Dehors Jésus est du Pennequin tout craché : prose ultra-rapide. Magnifique de rythmicité enragée et enjouée, haletée, brutale.
Cette prose est poétique : elle prend au corps. Elle s’éprouve sensuellement. Elle ne supporte pas la lenteur  dématérialisée, l’apaisement syntaxique, la pose des phrases dans les pauses de déchiffrement pensif.
C’est à prendre ou à laisser : le texte impose sa vitesse, sa bousculade, son comique. Il force à marcher à son pas — ou laisse interdit, aphone, inapte à parler cette langue (et donc à comprendre quoi que ce soit de ce qu’elle raconte, décrit, pense).

 

Pas besoin, pour cela, d’entendre Charles lire en live. On peut s’entendre soi lisant, prononçant, contraint par la volubilité du phrasé.

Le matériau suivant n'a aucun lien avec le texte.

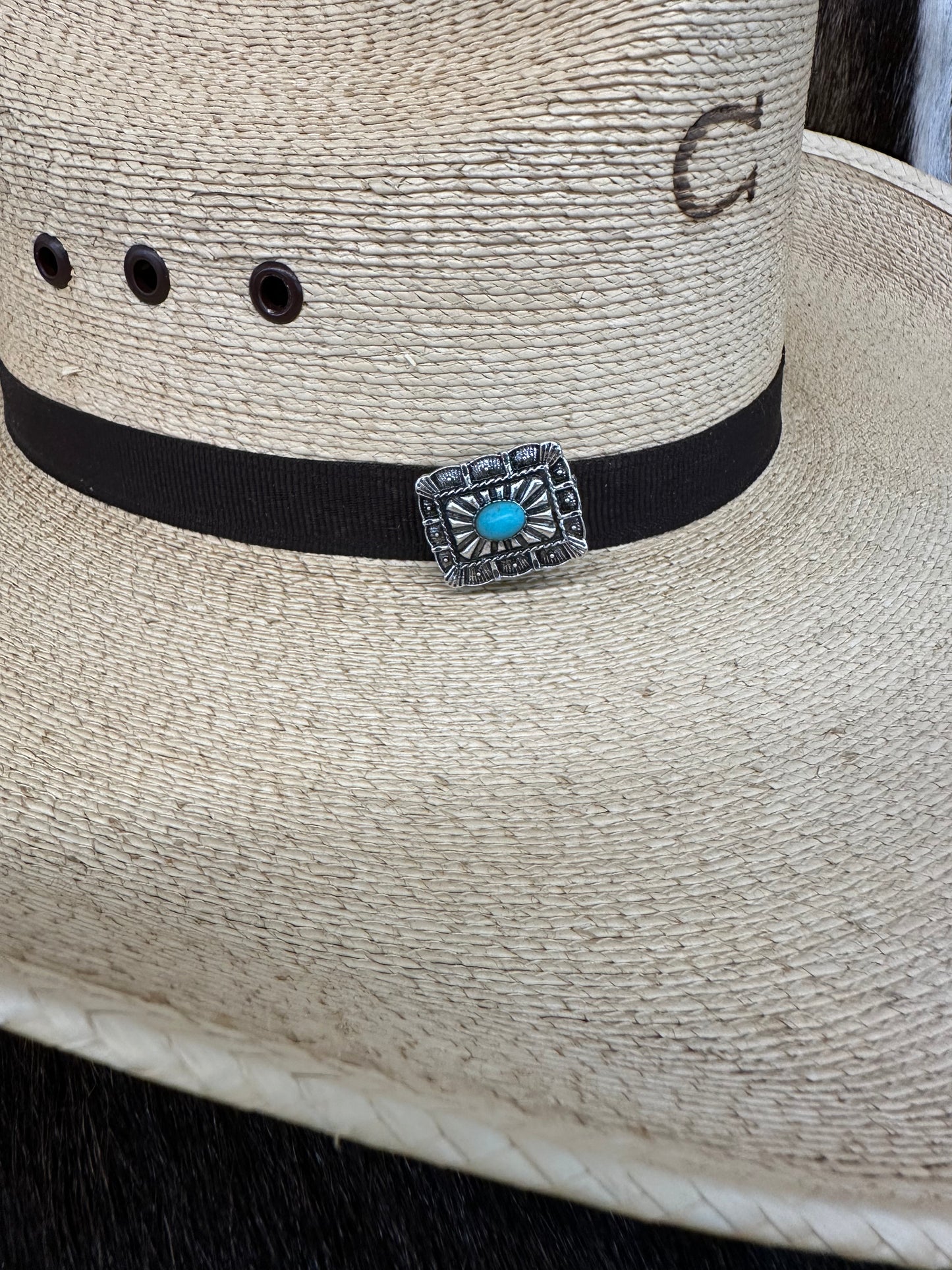 The Buckle Up Hat Pin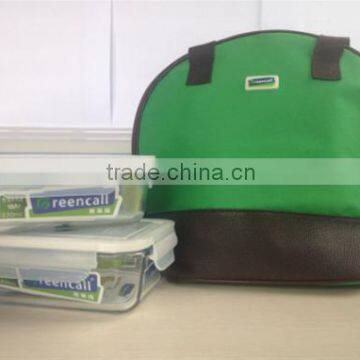 2 pcs microwave safe grade kitchen glass food storage container set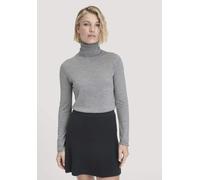 hessnatur Strick Rollkragen Pullover Slim aus reiner Bio-Merinowolle hellgrau XXL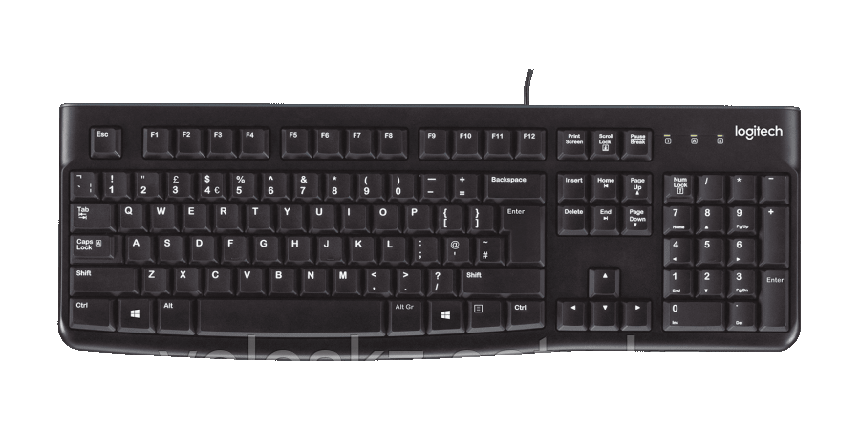 Клавиатура проводная Logitech K120 ОЕМ 920-002522, фото 2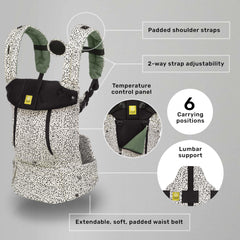 LÍLLÉbaby Complete All Seasons shows six ergonomic carry styles for 360-degree wearing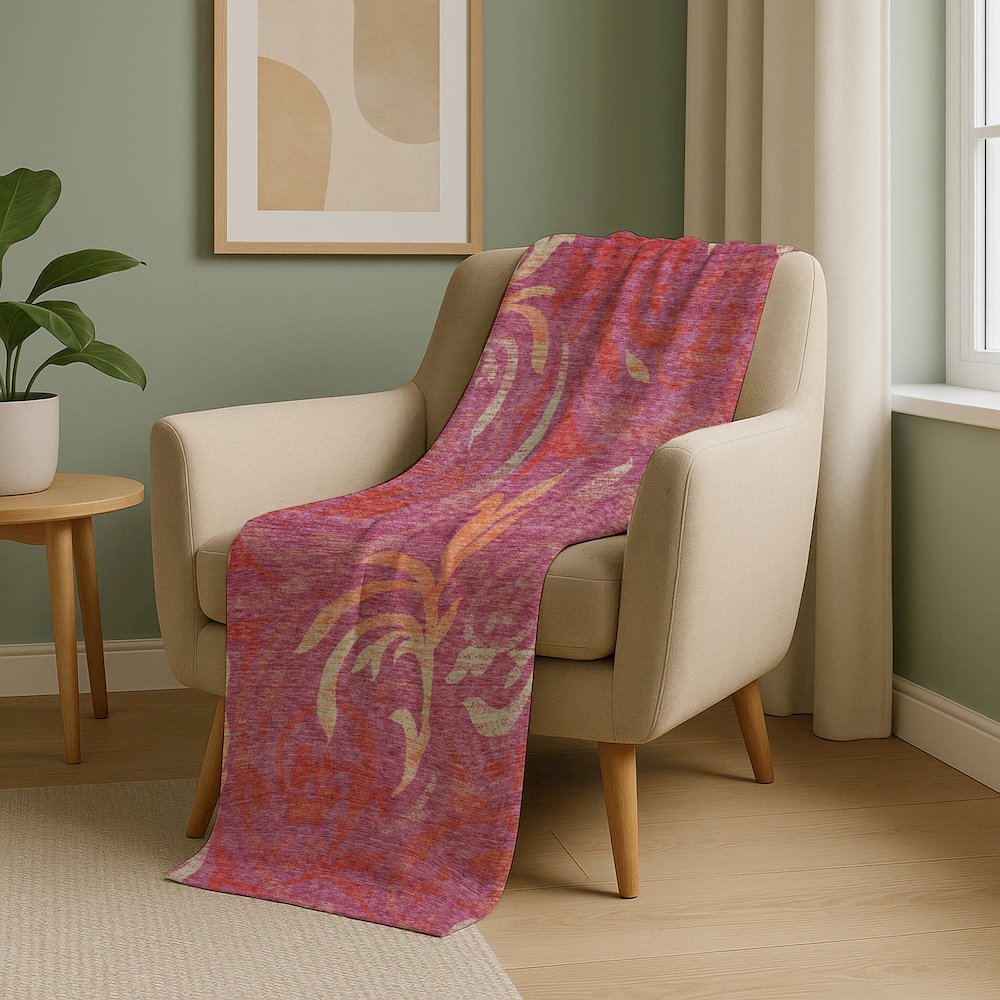 Premium Machine Washable ASB764 Blush 50" x 70" Sherpa Throw Blanket. Picture 5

Si on ne s’entend pas le faire : aucun accord avec le projet, résistance au propos — mieux vaut laisser tomber.

 

Dire que ce texte s’éprouve, s’entend, se psalmodie physiquement ne veut pas dire (veut dire d’autant moins) qu’il ne dise rien.
Il ne cesse de dire, au contraire : de former des représentations, des scènes, d’amorcer des récits. Il  rumine du politique, ressasse des morales burlesques. Il fait surgir, version foutraque, des bulles d’aphorismes. Il s’ouvre, goguenard, aux opinions de bistrot.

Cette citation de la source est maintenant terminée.